The model will have to be parameterised and calibrated for the three ATLAS countries. The model parameters come from four different areas: (i) demographic (age structure, mortality, etc.); (ii) biological (probability of transmission, treatment effectiveness, etc.); (iii) behavioural (number of sexual partners, condom use, etc.) and (iv) national response (testing, antiretroviral coverage, etc.).

The model will then be calibrated within a Bayesian framework to identify the model parameters that best reproduce HIV epidemic trends in the different subgroups, as well as the evolution of the coverage of interventions (e.g., condom use and treatment uptake).

Simulations and analyses

Once the three models have been parameterised and calibrated, they will be used to reproduce different hypothetical or observed scenarios:

  • The ATLAS programme as implemented

  • The screening programme without the implementation of ATLAS

  • Various ATLAS scaling scenarios (determined with the economic component)
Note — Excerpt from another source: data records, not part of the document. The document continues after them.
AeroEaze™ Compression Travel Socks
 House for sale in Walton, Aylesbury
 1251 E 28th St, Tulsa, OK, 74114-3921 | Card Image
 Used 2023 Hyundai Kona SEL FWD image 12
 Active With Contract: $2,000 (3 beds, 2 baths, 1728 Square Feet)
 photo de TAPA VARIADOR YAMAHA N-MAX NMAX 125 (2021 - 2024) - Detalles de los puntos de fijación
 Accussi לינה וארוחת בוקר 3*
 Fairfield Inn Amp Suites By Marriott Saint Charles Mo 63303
Last, we compare costs (Cost Study WP) with expected epidemiological impacts to estimate the cost-effectiveness of these scaling scenarios.

Participants and public involvement

At each stage of the research implementation, communities were involved in the research programme. Stakeholders and local Civil Society Organisations (CSO) participated in programme development workshops which helped to develop the research questions.

Throughout the project, communities, stakeholders and local CSO will be consulted at least once a year through the consortium meetings that bring together all to discuss the progress, results and interpretation of the research. A representative of the Ministry of Health of each country is also associated with the research team which meets annually.

Discussion

No HIVST kits will be distributed as part of the research activities of this protocol, as all HIVST kits under the ATLAS programme are provided as part of routine testing activities validated by the national AIDS programme of the country involved.

There should be no risk or consequence whatsoever associated with the refusal to participate in one, several or all of the proposed studies. In no way will participation or non-participation in any of the studies conducted impact (positively or negatively) access to HIVST kits. Participation in research will be voluntary.

There is no major individual health risk to participate in these studies. The primary risk is social; if one respondent sees another person participating in this study, he or she may make assumptions about his or her serological status and/or practices, which may be illegal (sex work, sex between men, drug use, etc.) and reveal them to the community. Measures are put in place to avoid this: interviews will be conducted in confidential places, data will be coded and kept in safe places, and records will be destroyed at the end of the project.

A website dedicated to the ATLAS programme (https://atlas.solthis.org) allows participants in the different studies to access the research protocol, the different information records of each study, and the results when they are available.

ATLAS is the first comprehensive study on HIV self-testing in West Africa. The ATLAS programme focuses particularly on the secondary distribution of HIVST. This study will also be the first to analyse the use of HIV self-testing among people who use injectable drugs in Africa. This is a multidisciplinary study that employs both qualitative and quantitative methods.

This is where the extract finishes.